北兵诈用宋将旗帜,城中以为溃兵也,以榜招之。已而知其非。或劝先生以自全计,先生笑不答,曰:「吾为副元帅,死其分也,不可使丁氏无后,且留馆甥以收吾骨。」整兵夜出城南,遂战于石筍(笋)街。众散且尽,先生入城,率其亲信侍从数十人巷战,寮属惟参议官杨大异一人。力竭,皆死之。大异復苏,得免。
事闻,赐祠赠恤如制,谥「恭愍」。所著有《延溪集》《六经辩正疑问》《诸史考》。
(全)祖望谨案:先生以平阳高弟,徧候诸儒,伯仲真、魏之间。晚年埋血沙场,大节凛然,而《宋史》附之《忠义传》末,不详籍里,不志其生平,读者茫然,荒略未有如此之甚者。予少有志于改正《宋史》,曾从《永乐大典》钞得先生别传一篇。十年以来,忽忽失去。昏志不能追忆,仅约略其大概,列之《学案》,而其言行之详,不復能举矣。又尝见先生作《范文正公祠记》,其中谓:「池州实有长山,文正之母,晚适朱氏,实为池人,未可竟指为淄州之长山。
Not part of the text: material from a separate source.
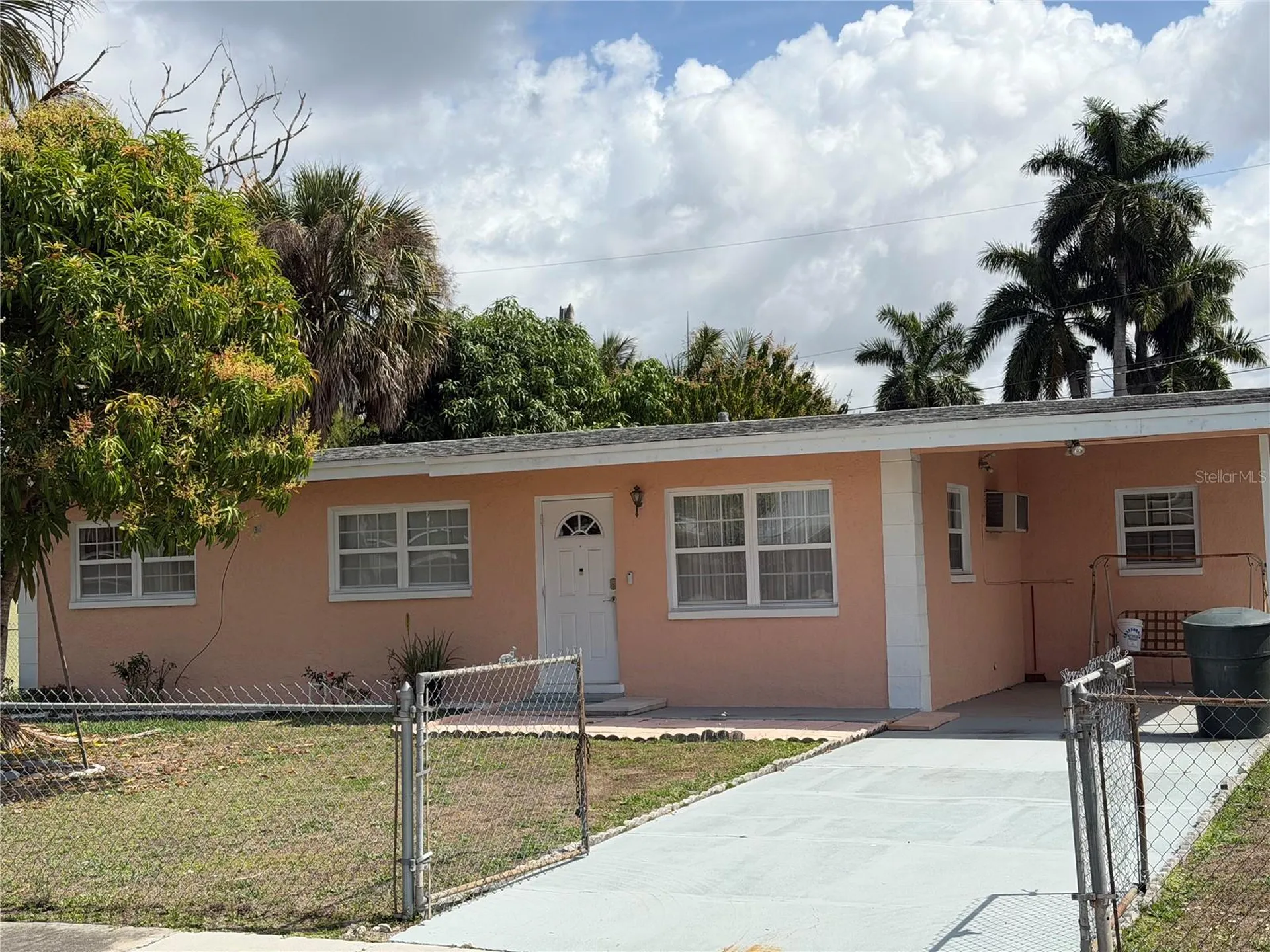 32 Roanoke Drive Fort Myers FL 33905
」其文亦朗朗有法。
附录
吴鹤林曰:「恭愍生平忠雅端靖,持论侃然。宁避乌臺之官,而不肯有一毫诈欺之事;宁婴黄阁之怒,而未尝少怠其呵护善类之心。于义利界限,辨之尤明。死国未几,制府参谋王翊雍容就义,文南守相刘锐、赵汝薌惨忱,血战而死,皆其英风义魄所风厉也。」
05.
综合史料记载,南宋端平三年(1236)秋,成吉思汗三子窝阔台的次子阔端,率五十万大军攻蜀,八月入汉中,九月在阴平关歼灭蜀军主力曹友闻部,十月攻进利州朝天关,占领阆州,然后分军一路沿嘉陵江南下,另一路越嘉江直取成都。成都在宋朝历来“师少堞坏”,无险可守。当时镇守成都的是四川安抚制置副使、兼知成都府丁黼。
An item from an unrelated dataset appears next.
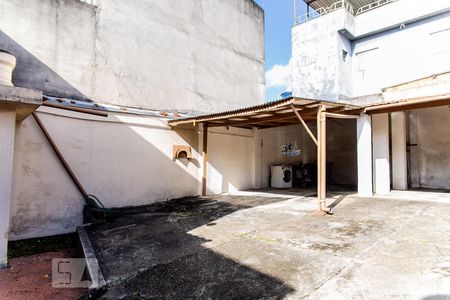 Casa para alugar com 185m², 3 quartos e 8 vagas Casa para alugar com 185m², 3 quartos e 8 vagasQuintal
南宋遗民作有野史《昭忠录》,其中《昭忠录·王翊制司参议》中,很详细记载了当时元兵入成都的细节:
(南宋端平三年1236),“元兵既灭曹(友闻)兵,遂破阆州取四川路,直入成都。
十月十七日,至怀安军金堂县,哨马渡江,成都太平日久,不识兵革,制司丁黼昏席无谋,哨马至阆,犹晏然。
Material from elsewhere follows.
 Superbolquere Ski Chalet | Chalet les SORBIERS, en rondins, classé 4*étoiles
十八日巳时,哨至汉川牟池镇,铁骑三百申时至成都城北驷马桥,城中忽闻有军至,疑是溃兵,元兵沿城至大东门径当城。
十九日,元兵往来,城内居民皆纵观。及晚,五巷内南角数人擒杀一骑,民间始知是元兵,市人或执梃与驰,或以几桌栏截街巷,元兵复出屯城外。
二十日巳午时,再入城,居民皆闭门,有举家自缢者,有举家自焚者,制司丁黼与甥王茶干、徐监仓遁,微服至南门,假道石笋观音院,哨及,六人俱死。”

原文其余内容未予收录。